A vinda da helena katz trouxe muito ar para circular entre nos, em tempos de ares rarefeitos. De tudo o que nos contou, explicou, questionou e propôs, esta ficando a constatação mesmo do que ela defende: Uma modificação nos modos de pensar, o que afeta consideravelmente o corpo, a partir da feitura de novos mapas neste corpo.
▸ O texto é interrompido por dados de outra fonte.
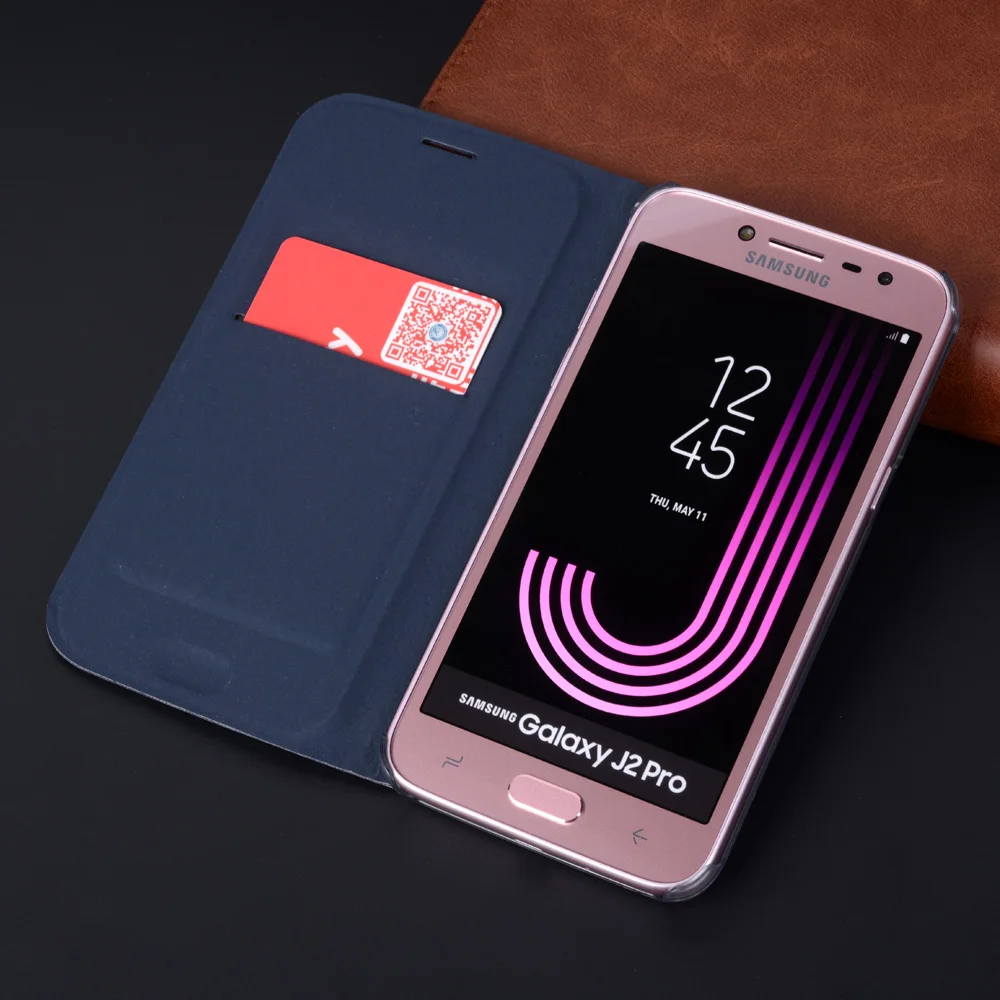 Откидной кожаный чехол для телефона samsung Galaxy J2 Pro J2 J22018 Galaxy J2 J 2 J2pro SM J250F J250 тонкий Чехол-бумажник для карт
E não seria isso o mapas do corpo?
Ir compreendendo esses mecanismos de escolha e armazenamento de material para nossas vidas, nossa maneira de estar no mundo?
Ir aprendendo como se aprende e dividindo com o outro o que ainda não se sabe?
A idéia de criar critérios para uma lógica de funcionamento acerta no ponto, porque critérios e lógica vem antes de funcionamento. São mapas criados a partir do que se quer e como se quer, antes de estar funcionando. E’ pré requisito para fazer funcionar e não se pode falar nisso sem um engajamento. Essa idéia de engajamento só existe no corpo – nos mapas que ele produz para si mesmo -, no corpo que se prepara para agir na projeção da felicidade desejada.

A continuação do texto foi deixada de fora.